2025–26 National Budget of Bangladesh
- Government Seal of Bangladesh
- Submitted by: Salehuddin Ahmed (Adviser of Finance)
- Submitted to: Muhammad Yunus (Chief Adviser)
- Presented: 2 June 2025
- Passed: 2 June 2025
- Country: Bangladesh
- Parliament: Dissolved
- Government: Yunus ministry
- Party: Independent
- Finance minister: Salehuddin Ahmed
- Total revenue: ৳5.64 trillion (US$46 billion)
- Total expenditures: ৳7.90 trillion (US$64 billion) (0.88%)
- Deficit: ৳2.26 trillion (US$18 billion) (3.6% of GDP)
- GDP: ৳57.91 trillion (US$470 billion)
- Website: mof.gov.bd

= 2025 National budget of Bangladesh =

Budget of the Bangladeshi government for the fiscal year of 2025–26

The national budget of Bangladesh for the fiscal year 2025–26 was presented by finance adviser Salehuddin Ahmed on 2 June 2025. This will be Bangladesh's 54th national budget, and at the same time, it is the first budget of the interim government formed after the July Uprising.

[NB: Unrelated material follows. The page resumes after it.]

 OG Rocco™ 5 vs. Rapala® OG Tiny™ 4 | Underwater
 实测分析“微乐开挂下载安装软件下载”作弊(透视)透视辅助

The interim government has unveiled a national budget of Tk 7.90 trillion (7,90,000 crore) for fiscal year 2025–26, which is slightly smaller (about Tk 7,000 crore less) than the original budget of Tk 7.97 trillion for 2024–25.

The budget's financing strategy puts a major emphasis on boosting revenues. The government set a revenue collection target of Tk 5,64,000 crore for FY2025–26, which is about 7.6% higher than the current year's revised target – roughly 9% of GDP. Of this, Tk 4,99,000 crore is expected to come from the National Board of Revenue through taxes, with the remaining Tk 65,000 crore from non-tax and other sources.

Many organizations have criticized this budget as it shows no structural difference from the previous budget of the Awami League government. According to the Centre for Policy Dialogue, the fundamental philosophy of the 2025–26 fiscal year budget—building an “inequality-free society”—is not reflected in the practical measures taken. Economist Fahmida Khatun stated that the reduction of Annual Development Programme allocations in the education, health, and agriculture sectors in the 2025–26 budget is concerning.